Probably the range of expected addresses.
If I understand the proposal correctly, the page addresses in this
workload could be any 64bit number.
For a large database, it would be at most 52 bits (assuming 64bits worth
of bytes), and very likely substantially smaller - maybe 40 bits for a
really really big database.

> 
> If the XArray is incapable of dealing with random access, then we
> should never have chosen it for the page cache. I'm therefore assuming
> that either the above comment is referring to micro-optimisations that
> don't matter much with these workloads, or else that the plan is to
> replace the XArray with something more appropriate for a page cache
> workload.

I haven't looked at the code recently so this might not be 100%
accurate, but XArray generally assumes that pages are often adjacent.
They don't have to be, but there is a cost.
It uses a multi-level array with 9 bits per level.  At each level there
are a whole number of pages for indexes to the next level.

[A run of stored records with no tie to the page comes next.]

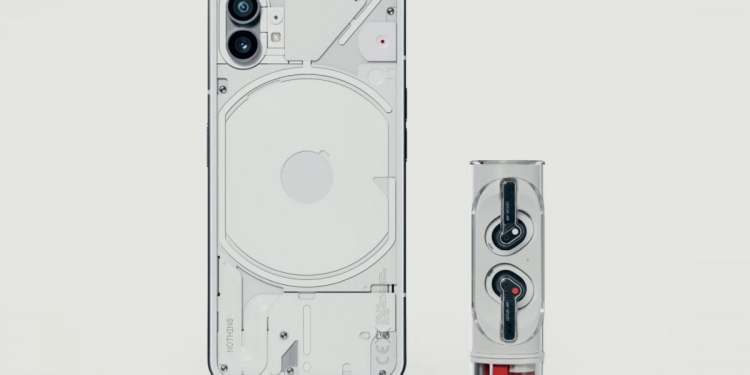 Nothing Phone （1）+Ear（Stick）组合套装优惠来了！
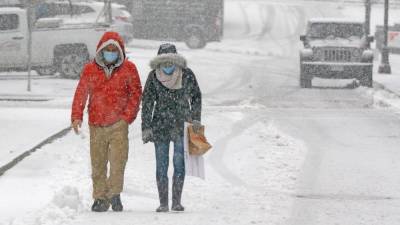 Winter storm warnings, thunderstorms across country ahead of colder weekend weather - www.foxnews.com - Mexico - county Gulf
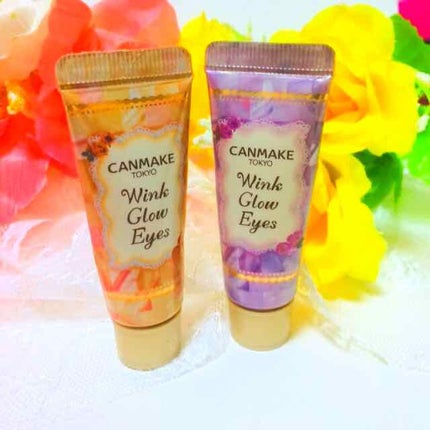 ウィンクグロウアイズ/キャンメイク/ジェル・クリームアイシャドウを使ったクチコミ(1枚目)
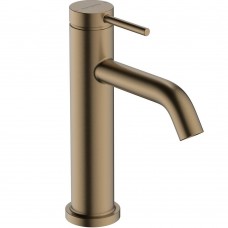 Смеситель для раковины с д/к Tecturis S Hansgrohe 73310140 brushed bronze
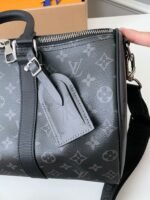 Louis Vuitton's seasonal new Keepall Bandoulière 35handbag M46655, 34*21*16cm - Image 6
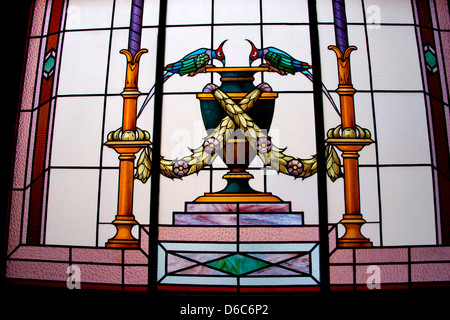 Uruguay, Montevideo. Legislative-Palast, Sitz des uruguayischen Parlaments. Stockfoto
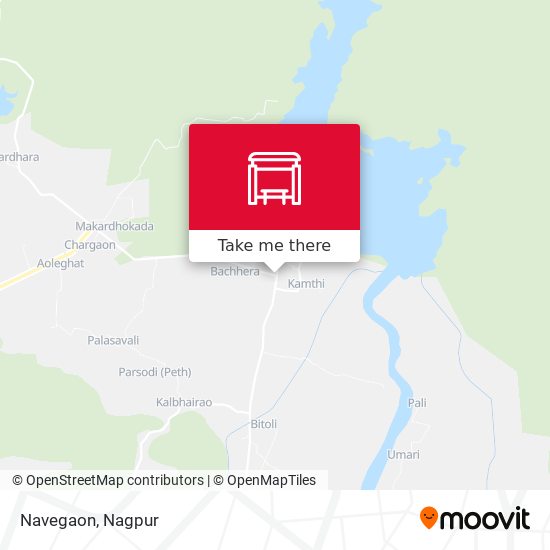 Navegaon map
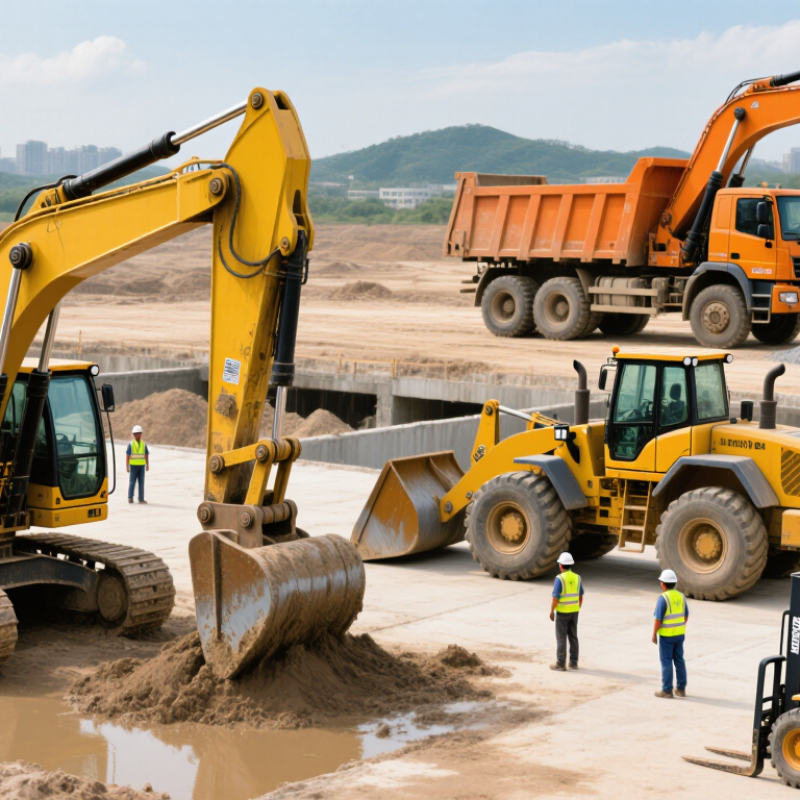 What Is the Best Heavy Equipment Type from China?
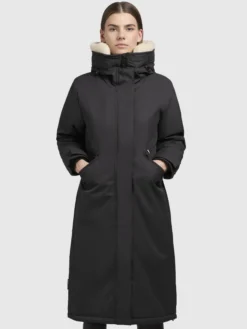 Mantel AGNETA Dunkelgrau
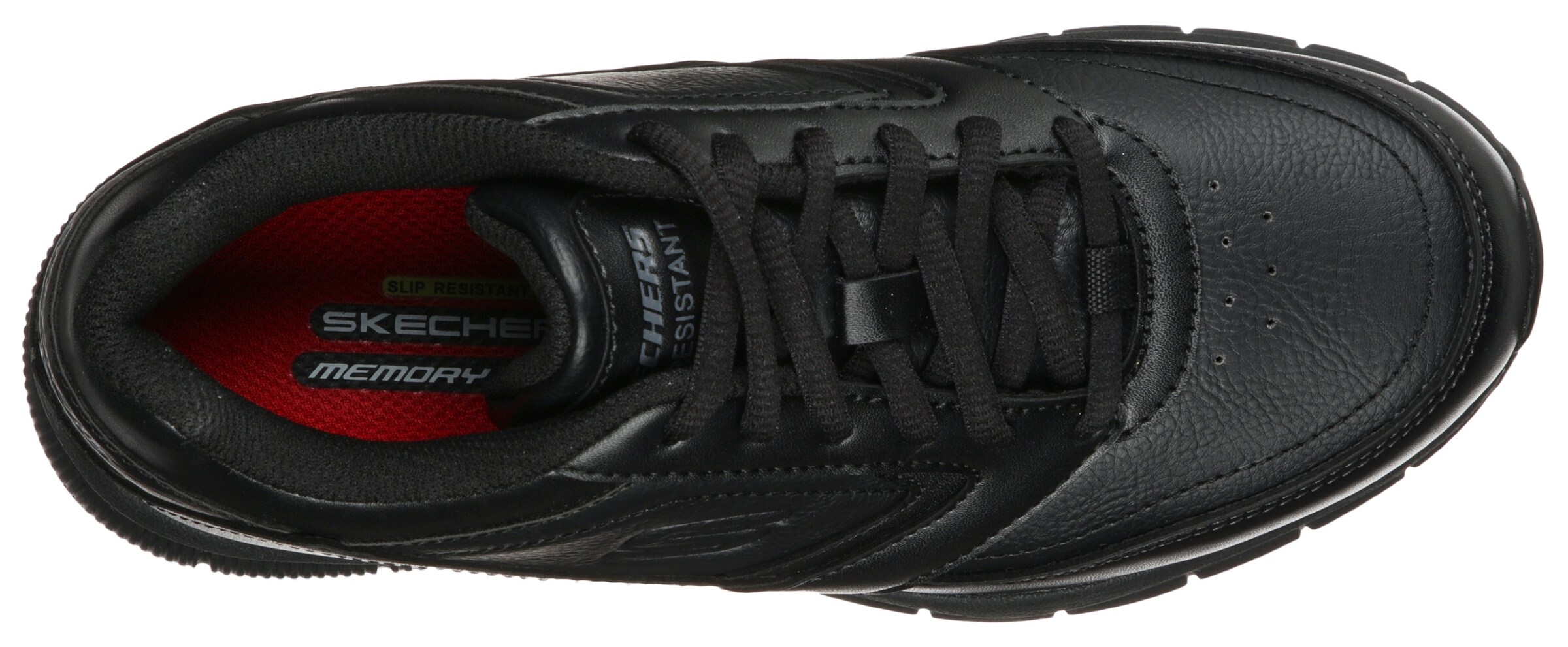 SKECHERS Sneaker low in Schwarz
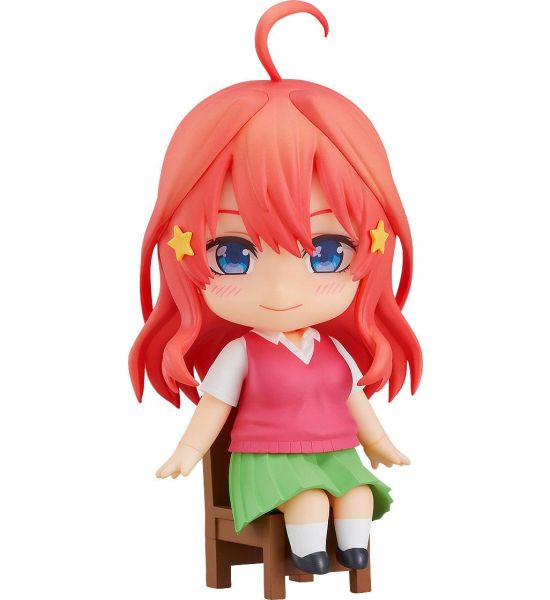 The Quintessential Quintuplets Movie: Itsuki Nakano Nendoroid Swacchao! Figure (10cm)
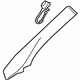 Ford LJ7Z-7803598-AA Windshield Pillar Trim, Passenger Side Ford LJ7Z-7803598-AA Windshield Pillar Trim, Passenger Side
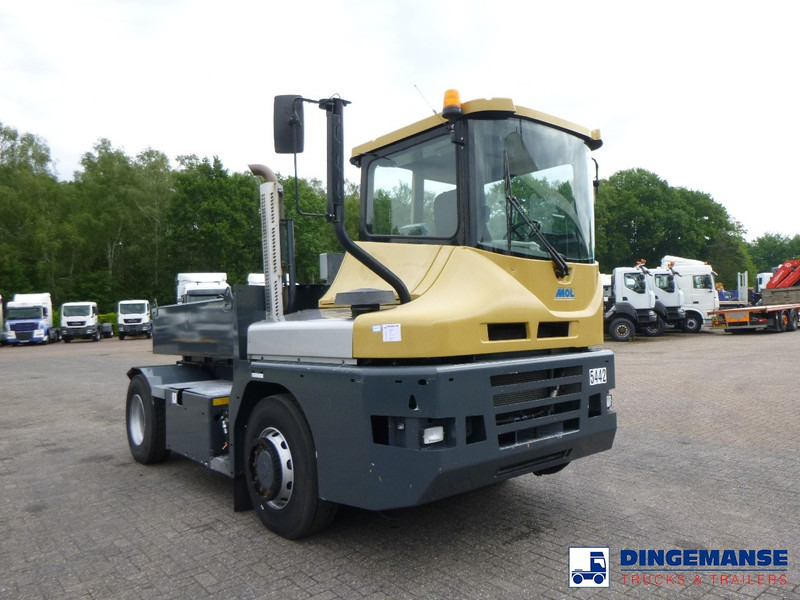 MOL RM 255 4X4 terminal drawbar tractor 150 ton - Tractor head: gambar 2 MOL RM 255 4X4 terminal drawbar tractor 150 ton - Tractor head: gambar 2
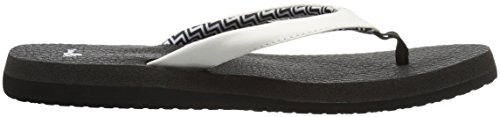 Sanuk Yoga Serenity 4 White 5 B (M) #TOP5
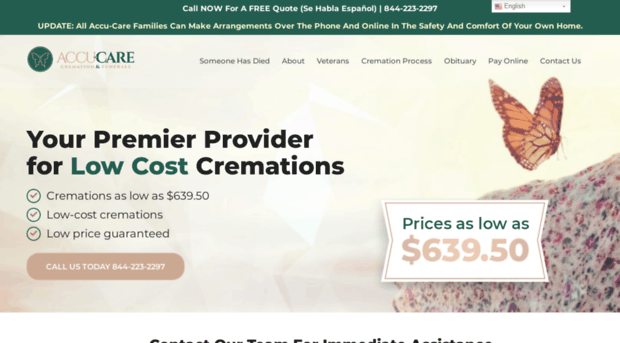 accucarecremation.com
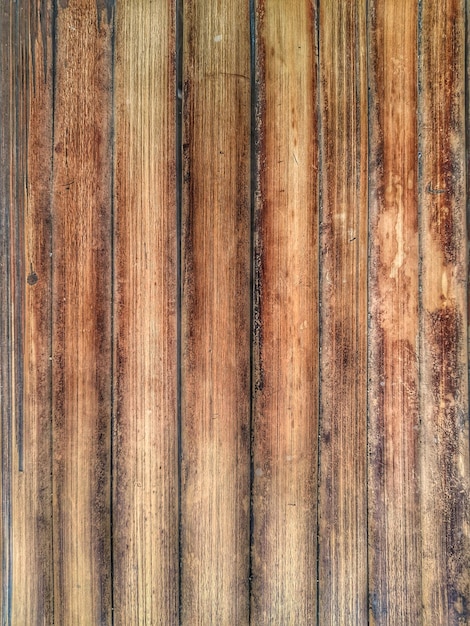 Photo une photo complète de planches de bois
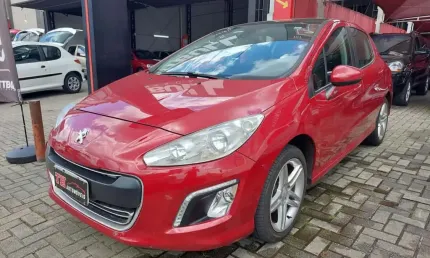Peugeot 308 allure 2.0 flex aut 2015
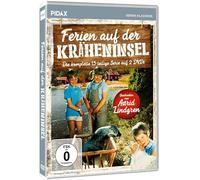 Ferien auf der Kräheninsel - Die komplette 13 teilige Familien-Kultserie nach Astrid Lindgren, inszeniert von Olle Hellbom („Pippi Langstrumpf“) [2 DVDs]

If there are two entries, that are 2^45 separate, that is 5 levels of
indexing that cannot be shared.  So the path to one entry is 5 pages,
each of which contains a single pointer.  The path to the other entry is
a separate set of 5 pages.

So worst case, the index would be about 64/9 or 7 times the size of the
data.  As the number of data pages increases, this would shrink
slightly, but I suspect you wouldn't get below a factor of 3 before you
fill up all of your memory.

NeilBrown